SOURCE INFORMATION.
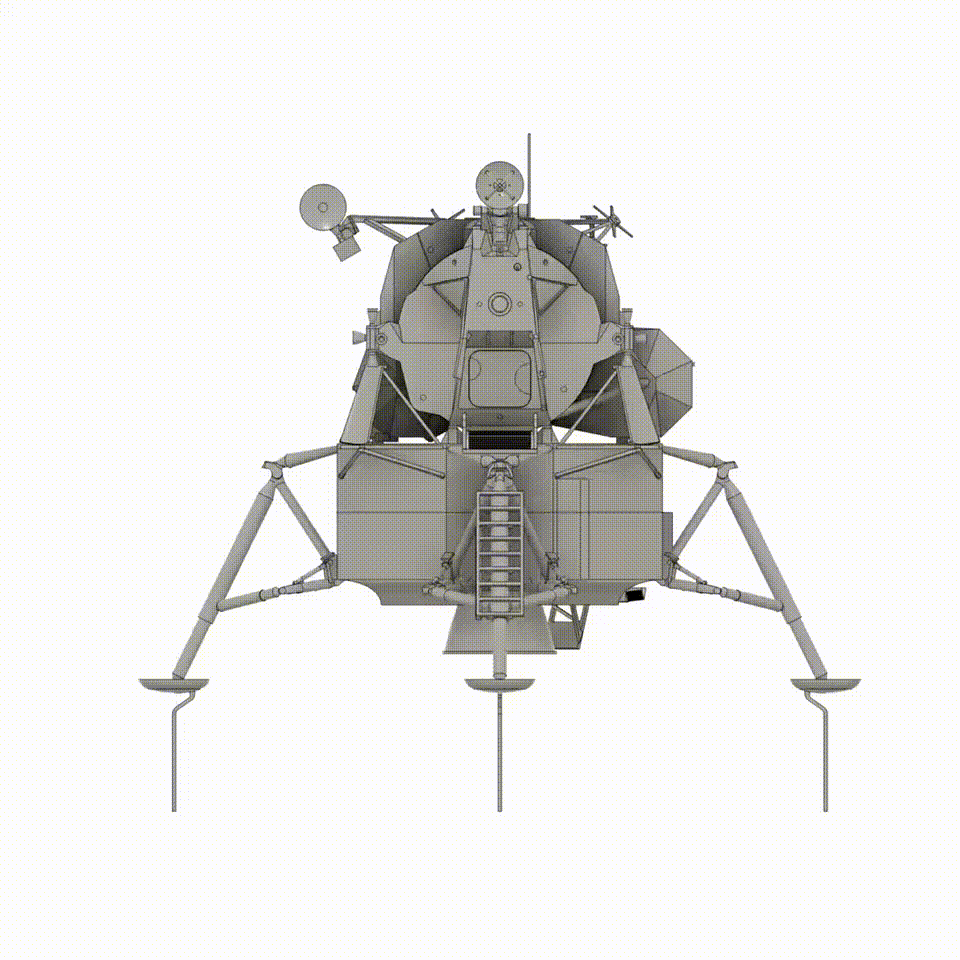 Mô hình Tàu đổ bộ mặt trăng Apollo (Apollo Lunar Module) tỉ lệ 1:32 - Image 2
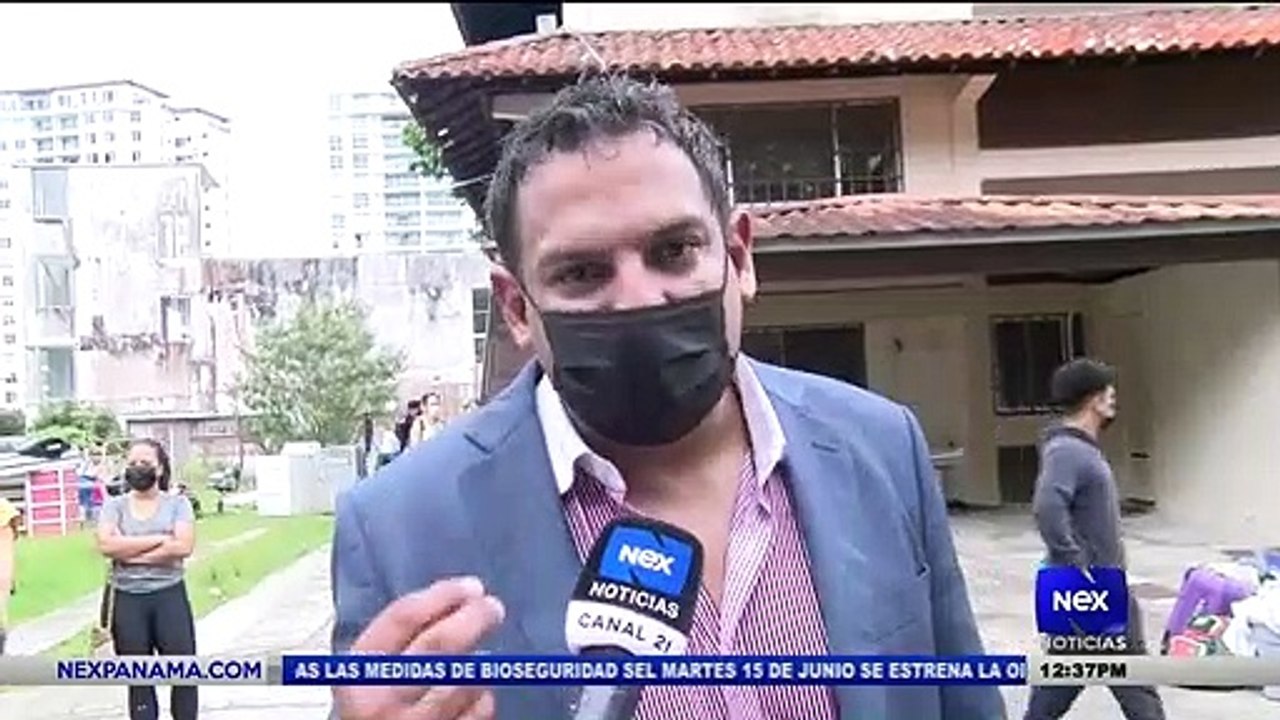 Familias son desalojadas en un inmueble residencial en Clayton  - Nex Noticias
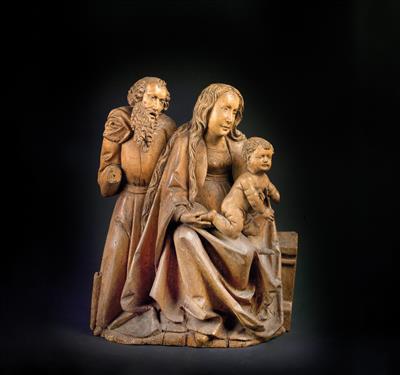 The Holy Family, - Works of Art - Furniture, Sculptures, Glass and Porcelain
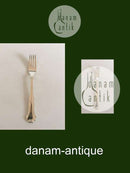 Leonora Christine Prima Sølvplet ES Spisegaffel  Kronen / Hans Hansen Metal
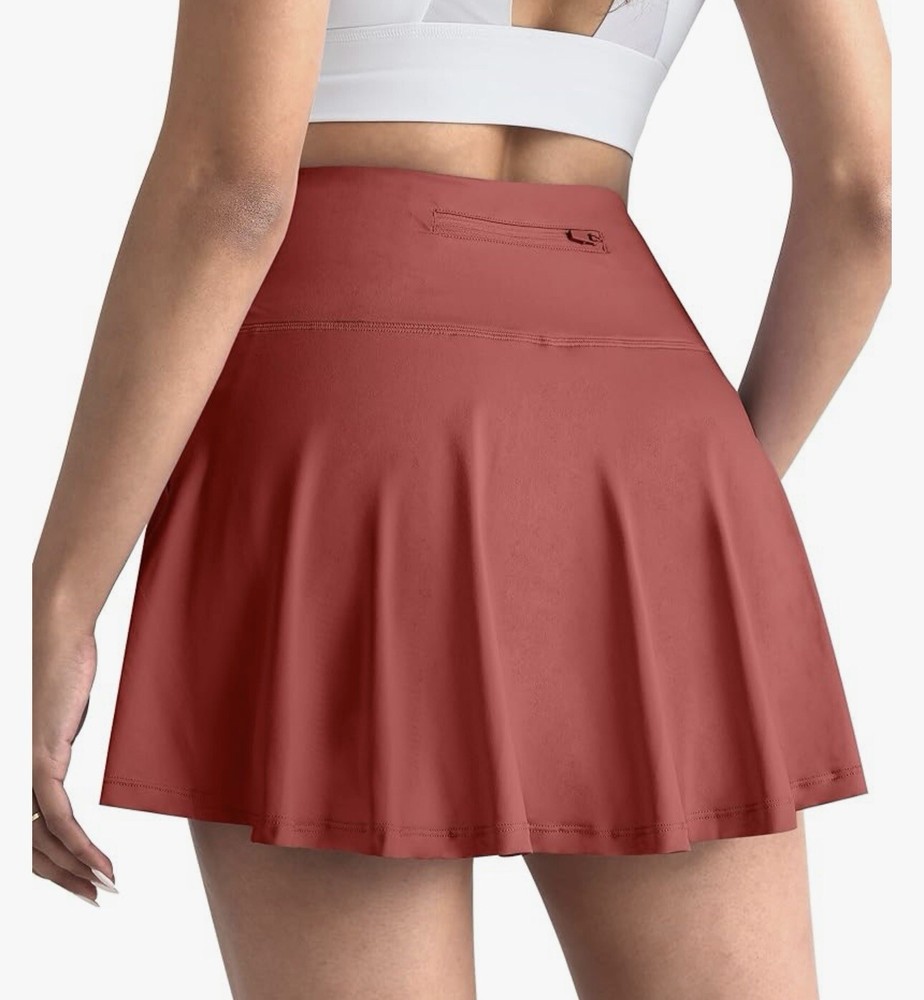 New Red Tennis Skirt Medium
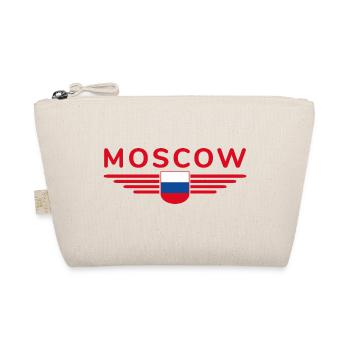 Moscow T-Shirt – Metropolis of Elegance - Organic Pouch - nature - Front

BRIEF.
Copy every record character for character. Skip the pictures.

OUTPUT OF THE TASK.
 Mô hình Tàu đổ bộ mặt trăng Apollo (Apollo Lunar Module) tỉ lệ 1:32 - Image 2
 Familias son desalojadas en un inmueble residencial en Clayton  - Nex Noticias
 The Holy Family, - Works of Art - Furniture, Sculptures, Glass and Porcelain
 Leonora Christine Prima Sølvplet ES Spisegaffel  Kronen / Hans Hansen Metal
 New Red Tennis Skirt Medium
 Moscow T-Shirt – Metropolis of Elegance - Organic Pouch - nature - Front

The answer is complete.